Frank Gehry habla claro y con gestos inequívocos. A las pocas horas de su llegada a Oviedo para recoger el premio "Príncipe de Asturias" de las Artes de este año, fatigado del viaje, como luego se disculparía, mostró una expresividad inusual entre los galardonados. El humor amable con el que accedió a la sala donde se desarrollaría la rueda de prensa se trocó en un semblante molesto, acompañado del dedo corazón de su mano derecha levantado en un signo universal, de honda raíz clásica, que no remite a nada bueno. Era la forma silenciosa y rotunda de contestar a quienes consideran que su obra, marcada por la inquietud continua del autor y poco complaciente, forma parte de lo que se llama la "arquitectura espectáculo". A partir de ahí se desató un Gehry radical, para el que "el 98% de los edificios que se construyen son pura mierda. No hay sentido del diseño, ni respeto por la humanidad, por el juicio, por nada. Son malditos edificios y ya está". El arquitecto, cuyo lenguaje destruye el equilibrio clásico de su disciplina, muestra el hartazgo ante un interés mediático excesivo hacia construcciones que no dejan indiferente. "De vez en cuando hay unas pocas personas que hacen algo especial. Cuando eso ocurre sólo se nos pregunta si resulta relevante desde el punto de vista social o si está bien construirlo o no. ¡Déjenos en paz¡ Nos limitamos a hacer nuestro trabajo. No busco proyectos ni estoy esperando a que me llamen".

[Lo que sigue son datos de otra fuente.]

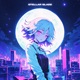 STELLAR BLADE EP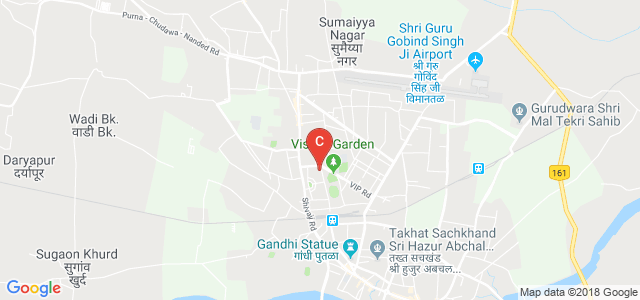 Xavier University, Bhubaneswar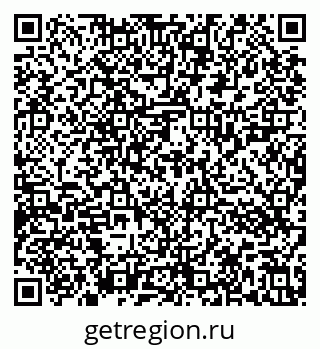 79636023834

El Museo Guggeheim de Bilbao, "una obra muy temprana en mi trayectoria europea", es la prueba de lo que él llama el "poder de la arquitectura", la demostración de cómo "los edificios pueden marcar la diferencia". Expuso entonces lo que bien puede considerarse un contraejemplo de la "arquitectura espectáculo". "Construimos un museo con un presupuesto muy modesto, 80 millones de euros en el 97, y el beneficio de ello ha sido tremendo. No se buscaba construir algo pomposo sino algo que creara una nueva relación en la comunidad y de lo que la gente se pudiera sentir orgullosa. Y funcionó". Levantar un símbolo estaba ya en la intención inicial de este arquitecto de 85 años, para quien "los edificios públicos merecen ser iconos, tienen que ser emblemáticos". Contra los excesos de planificación, Gehry defiende una urbe democrática, "lo que implica desacuerdos. Hay que aceptar cierto nivel de caos y desorganización visual en la ciudad". Lamenta la "alienación" que generan las urbes norteamericanas y alaba la "solidez y permanencia" de las europeas.

Al final, el adiós fue con la mano tendida.